国営事業で新設された新井郷川排水機場(旧機場)
明治時代に入り、多くの河川で大水害が発生していましたが、政府は財力が無かったため河川改修を行うことが出来ませんでした。明治29年、ようやく法的裏付けとなる河川法が制定され、阿賀野川右岸地域でも明治41年から加治川分水路工事、大正4年から阿賀野川改修工事、大正9年からは、福島潟より阿賀野川に合流していた新井郷川を阿賀野川から分離する工事が開始されました。そして、これら河川改修と併せて耕地整理や湛水排除のための排水ポンプの設置が盛んに行われました。
大正9年頃の新井郷川開削工事(三条市 田辺修一郎氏提供)
しかし、この地域の抜本的な排水改良には至らず、また食料も不足してきたことから、食料自給強化のための農地開発営団が昭和16年に設置され、営団による亀田郷、福島潟周辺の排水改良のための「阿賀野川沿岸大規模水利事業」が開始されました。

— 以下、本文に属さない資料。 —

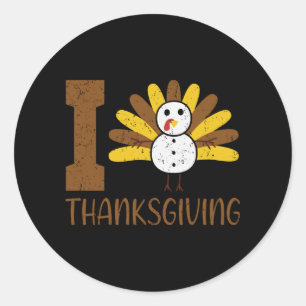 I Love Thanksgiving Turkey Day Family Kid Matching Classic Round Sticker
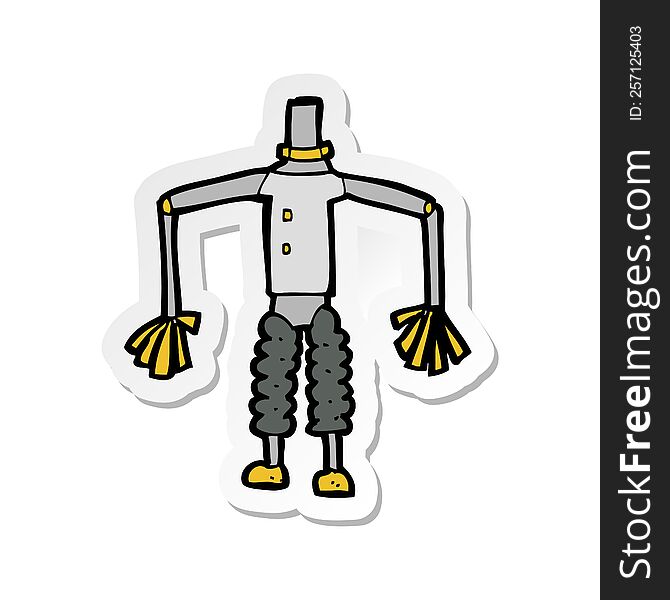 Sticker Of A Cartoon Robot Body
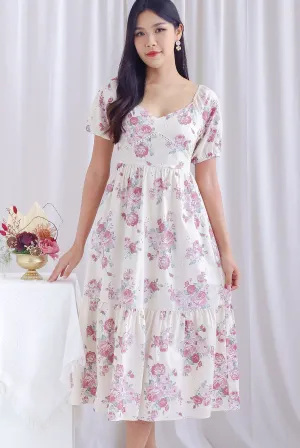 *Premium* TDC Bella Floral Eyelet Crochet Dress In Cream/Pink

戦後になり、この事業は昭和22年から農林省に引き継がれ、「国営阿賀野川農業水利事業」として継続されました。
工事は駒林放水路から着手し、長浦岡方排水機場、須戸排水機場、大沼排水機場、柳曲排水機場、両村囲排水機場やそこに流れ込む排水路に着手し、昭和26年までに完成しました。
昭和33年頃における新発田舟入地内の国営事業による新発田川自然排水分線掘削工事の様子
その後、排水量99立法メートル/sの新井郷川排水機場建設に着手し、昭和29年には一部運転を開始し、昭和36年度に完成しました。排水機場建設と平行して新井郷川幹線排水路や新発田川機械排水路や新発田川自然排水幹線、安野川幹線排水路などの改修工事に着手しました。新井郷川排水機場の完成に伴いその効果は絶大で、福島潟に流入する万十郎川や奥右衛門川、吹切川、太田川などもこの事業に組み入れ、昭和48年度に工事が完了しました。なお、昭和45年には福島潟干拓事業の補償として新井郷川排水機場の敷地内に11立法メートル/sの排水機が設置されました。